Caravan park – Private property – Roadway – Definition of “road” – Appellant challenging conviction of driving on road while disqualified– Whether magistrates erring in defining road as any highway or other road to which public had access – Appeal dismissed
The appellant motorist was convicted of driving while disqualified, having driven a motor vehicle on various roadways within a caravan park and other areas. He was also charged with driving without a insurance. He pleaded guilty to the charge of driving a without an insurance policy on the basis that the roadways were public places.
With regard to the first charge, the magistrates determined as a preliminary issue that roadways were “roads” for the purposes of section 103 of the Road Traffic Act 1988. They found that: (i) the application of the statutory term “road” was a matter of fact to be determined by a tribunal. properly directing itself in law in the light of all the circumstances; (ii) the public had access to the site throughout the year and used the roadways to access a public beach without restriction; (iii) the roadways had road markings, speed ramps and speed signs that made them easily identifiable as routes leading from one point to another; (iv) there was a public footpath to which the public had unrestricted access along part of the roadways that fell within the definition of “highway”; and (v) the word “road” meant any highway and any other road to which the public had access.
In the light of those findings the appellant pleaded guilty to an offence of driving while disqualified but challenged the magistrates’ findings by way of case stated. The High Court had to determine whether the magistrates, having heard the evidence, were entitled to conclude that a “road” meant “any highway and any other road to which the public had access”, so that the roadways constituted roads for the purposes of section 103.
The appellant argued that the magistrates had erred in law since there was no vehicular through-route on the caravan site which was private property. Moreover, the fact that there was a public footpath on part of the roadway which constituted a highway, did not mean that the roadways amounted to a “road” within the ordinary meaning of that word.
Held: The appeal was dismissed.
(1) The magistrates were entitled to find that the roadways were roads for the purposes of section 103.

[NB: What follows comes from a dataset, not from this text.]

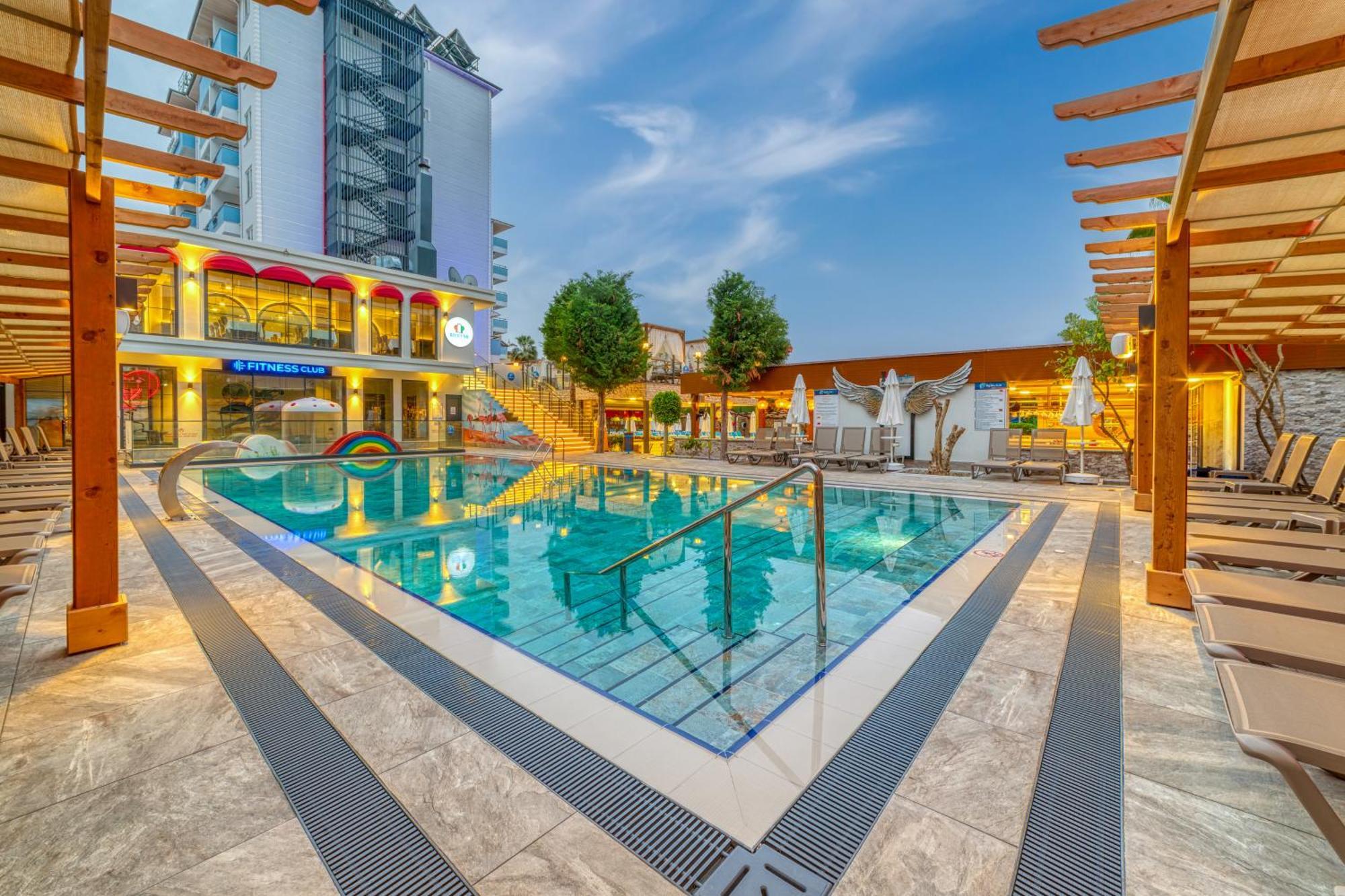Hotel Club Big Blue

(2) The appellant had acknowledged that the roadways were a public place, but also followed points between defined edges used by the public as a route to the beach. In that respect, the instant case could be distinguished from R (on the application of Dunmill) v Director of Public Prosecutions [2004] EWHC 1700 (Admin), in which the purported “road” was on grass and had no evidence of defined edges.
(3 Moreover, a footpath was capable of falling within the definition of a road even if it did not possess the other characteristics of a road such as length and width: Suffolk County Council v Mason [1979] AC 705 applied.
(4) It made no difference that the roadway ended at a point that was not coterminous with the public footpath because the public footpath was a road within the ordinary sense of the word and for the purposes of the statutory definition.
Kathryn Hughes (instructed by Lowless & Lowless) appeared for the appellant; Nicholas Sefton (instructed by the Haverfordwest Crown Prosecution Service) appeared for the respondent.